В ночь его смерти у меня раздался звонок, я снял трубку, но, ничего не рас­слы­шав, повесил ее. Скорее всего, это была просто чья-то ошибка, однако до сих пор этот случай воспринимается мной мистическим образом. Когда я, придя на следующий день в консерваторский класс Романа Семеновича Леденева, увидел его сидящим в полумраке (он специально погасил свет), я спросил, что случилось. “Свиридов умер”. Я глупо пролепетал: “Неужели правда?” Всегда казалось, что такие люди, как Свиридов, умереть не могут, не должны. Потом мне подумалось, что душа Георгия Васильевича наконец, возвратилась в тот “самый ясный”, “несказанный свет”, к которому он стремился всю жизнь.

Когда он лежал в гробу, мне запомнилось, что концы его давно не стриженных седых волос слегка завились. Еще помню огромные ноздри его колоссального орлиного носа. На плотно сжатых, тонких губах, как казалось, застыла добрая, приветливая усмешка.

В своих записках пятнадцатилетней давности я прочитал строчки, быть может, по-юношески напыщенные и наивные, но тем не менее верно отражающие мое тогдашнее состояние: “Сила его музыки, его личности так потрясает меня, что кажется временами, что душа моя, не выдержав, разорвется от переполнявших ее чувств восторга, трепета, поклонения и обожания. Весь образ его представ­ляется чем-то исконно русским, далеким и недостижимым, но вместе с тем таким родным и дорогим. Он — как остров той старой русской культуры, русской жизни, которая ушла невозвратимо, но которая столь любима и все более притягательна. Общаясь с ним, будто фантастическим образом переносишься в другую эпоху, в другой мир, где живы и творят Пушкин, Блок, Есенин. Порой стано­вится мучительно от невозможности навсегда там остаться, ибо перед тобой — стена времени, преодолеть которую нет ни сил, ни способностей”.

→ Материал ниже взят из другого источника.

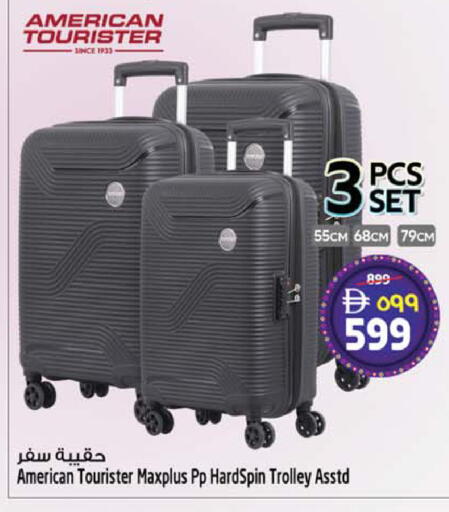 available at SAFARI HYPERMARKET  in UAE - Ras al Khaimah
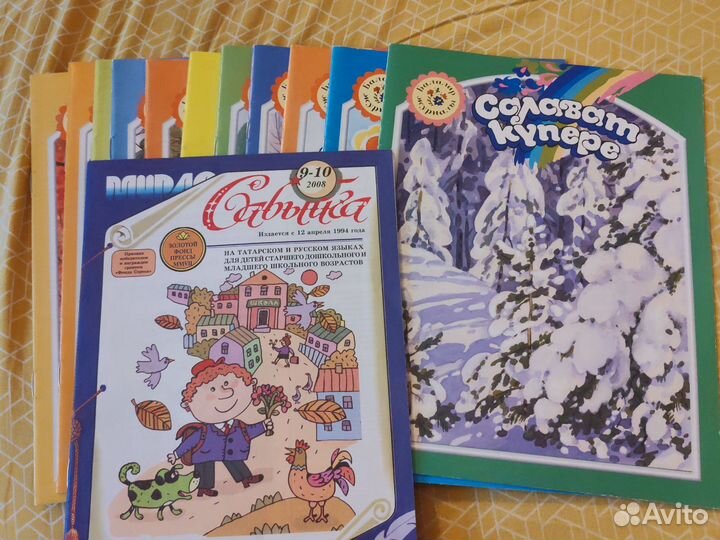 Книги для детей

А недавно в Интернете среди немногочисленных иностранных статей о жизни и творчестве этого великого человека (где, например, буквальный перевод на английский язык цикла “У меня отец — крестьянин” звучит как “Мой папа — фермер”, а “Отчалившая Русь” — как “Россия, стремящаяся вниз по течению”) я наткнулся на несколько любопытных фраз, принадлежащих авторам из разных стран:

“Свиридов — один из наиболее выдающихся среди забытых композиторов России”.

“Как жаль, что такие люди жили и умерли, не имея возможности показать свои таланты всему миру”.

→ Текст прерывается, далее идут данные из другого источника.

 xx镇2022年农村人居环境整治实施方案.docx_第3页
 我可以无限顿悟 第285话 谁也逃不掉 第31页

“Много русских никогда не слышали его имени, а для большинства даже хорошо информированных слушателей на Западе он остается только лишь одной из проходящих фигур Советского периода”.

И самое потрясающее:

“О стиле Свиридова. Долгое время он воплощал наиболее пагубные стороны советской музыки. Многие из его произведений подражают традициям русской классики. Некоторые любят его музыку из-за ее сходства с выбранными моделями. Другие ненавидят ее за политическое содержание или за ее одиозную наивность и рассматривают ее как ужасающий пример типичного китча”. (В консерватории я слышал другое выражение: “Музыка для плебса”.)

Попадается, правда, и другое:

“Я твердо верю, что он (Свиридов) — величайший композитор второй поло­вины двадцатого века. Лучший способ проверить мои слова — послушать его музыку. Возьмите это за правило — каждый день слушайте Свиридова. Вы никогда не пожалеете об этом”.